La chair est la condition de possibilité des qualités du monde, mais elle n’ est jamais contenue dans ou définie par ces qualités. En ce sens elle est à la fois une fondation superficielle et une transcendance immanente - étrangère à toute dialectique entre réalité et apparence, profondeur et surface. Elle confond toutes ces antinomies. La chair est la profondeur superficielle, l’apparence réelle de l’existence. Ce qu’est le monde, comment il est, comme il est précisément, est exposé parfaitement et définitivement dans la chair. (Est-ce cela que voulait dire Spinoza quand il disait que la réalité et la perfection était la même chose ?). L’exposition de la chair est de fait le mystère de la vie, ou plutôt le miracle du monde.
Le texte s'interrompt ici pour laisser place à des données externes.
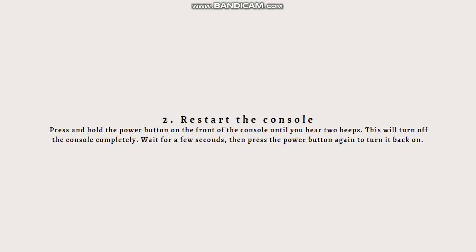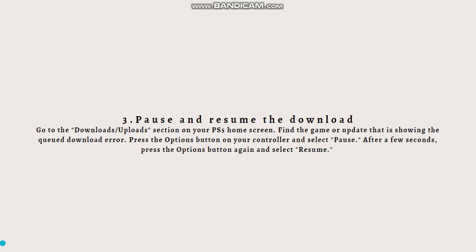This often fixes temporary glitches and errors. The next step is to pause and resume the download. Go to the Downloads or Uploads section on your PS5 home screen. Find the game or update showing the queued download error, press the Options button on your controller and select Pause. After a few seconds, press Options again and select Resume. This can kick-start the download process and resolve the error.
Comment nous aimons-nous dans la chair ? Qu’est-ce que le désir de la chair  ? Dans l’exposition érotique les frontières et les discontinuités entre l’un et l’autre sont abattues et dissoutes pour ouvrir une sorte de communication ou communion. Cet amour ne peut pas être vraiment conçu comme une rencontre avec l’autre car le moi a déjà été complètement dépouillé, abandonné. De même, le désir ne peut pas être réellement conçu comme un devenir-autre du moi, car cela aussi dépend trop de discontinuités fondamentalement stables, et implique à la fin un retour au moi. Nous sommes capables d’aimer seulement dans un abandon de nous-mêmes à la chair. Dans la chair j’ abandonne le sens de ce qui est ton bras et mon bras, ta jambe et la mienne, un mélange de membres et de corps. Prends moi ! L’exposition est anonyme. Elle apporte à la fois une intensification de l’expérience et une indifférenciation de la matière. Elle met en branle une prolifération sauvage de zones érogènes et de modes d’intensité à travers les surfaces de la chair (la chaleur de tes lèvres, la subtile vibration de ma langue), et en même temps pousse à l’union ou à la communion. Vient l’extase de l’ exposition.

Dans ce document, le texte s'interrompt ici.